- _THE TASK_
The listing must be copied out in full and exactly; no images go with it.

*** Opening SOURCE MATERIAL ***

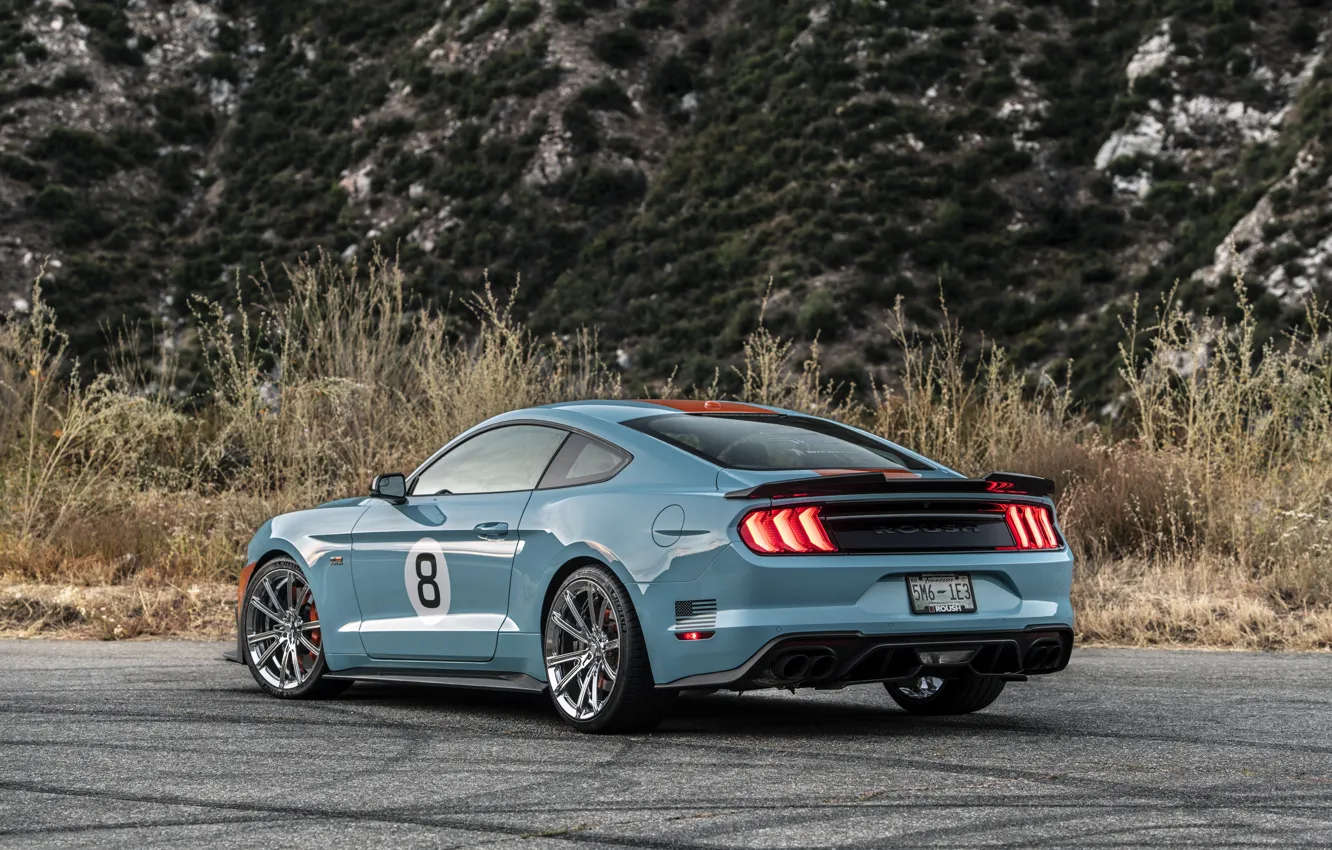 Photo wallpaper lights, Mustang, Ford, rear view, Mustang GT, Roush, 2019, Performance Stage 3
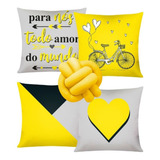 Kit 04 Capa De Almofada Decorativas Mais Almofada Nó Luxo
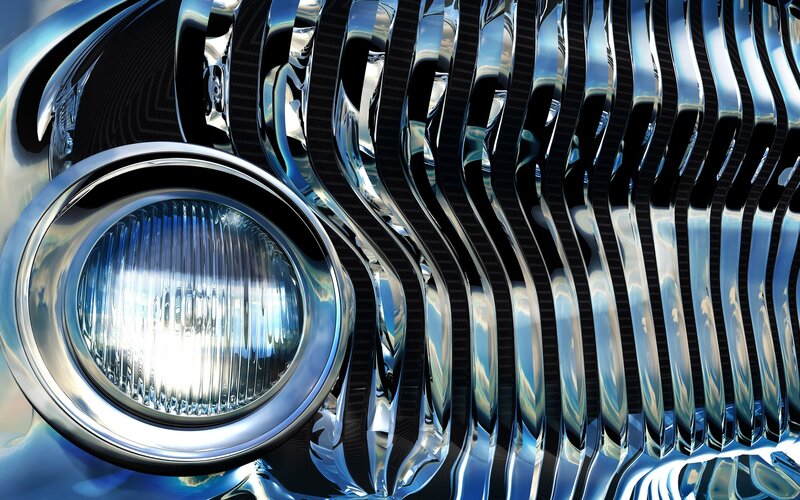 Chrome car grille and headlight
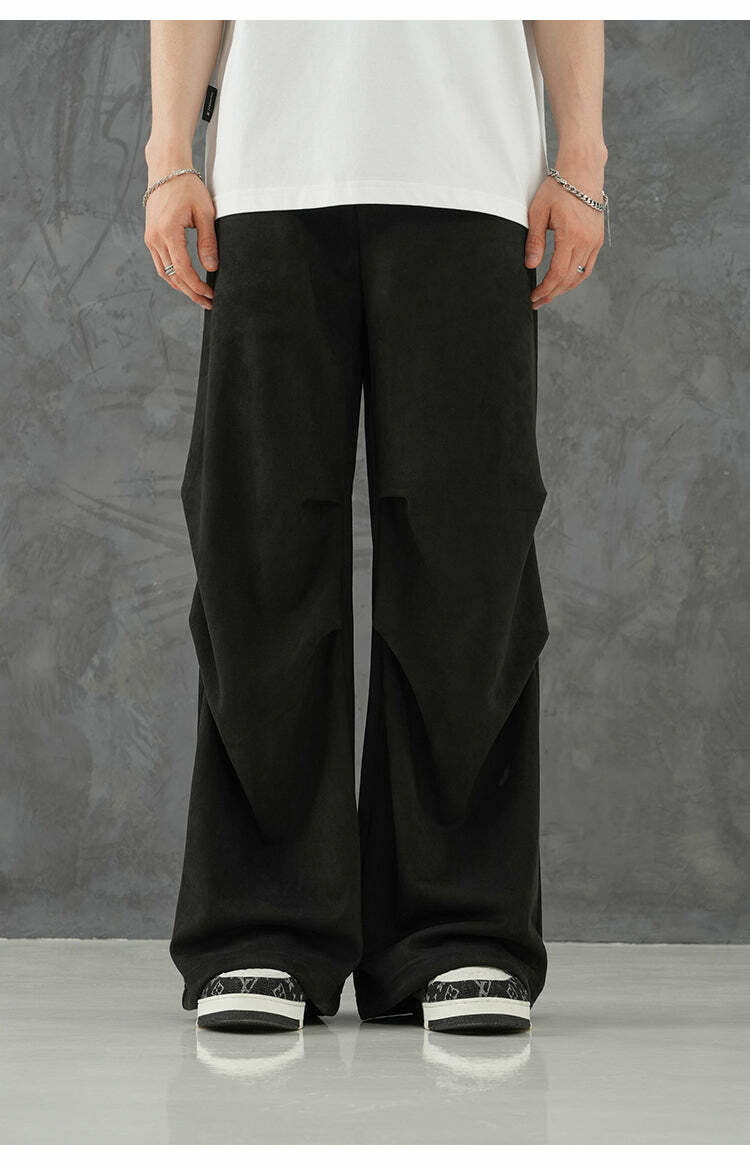BJHG Suede Trousers - Y2K Summer Grunge, 90s Retro, Gothic Y2K, Y2K Club &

*** Closing SOURCE MATERIAL ***

- _RESPONSE_
 Photo wallpaper lights, Mustang, Ford, rear view, Mustang GT, Roush, 2019, Performance Stage 3
 Kit 04 Capa De Almofada Decorativas Mais Almofada Nó Luxo
 Chrome car grille and headlight
BJHG Suede Trousers - Y2K Summer Grunge, 90s Retro, Gothic Y2K, Y2K Club &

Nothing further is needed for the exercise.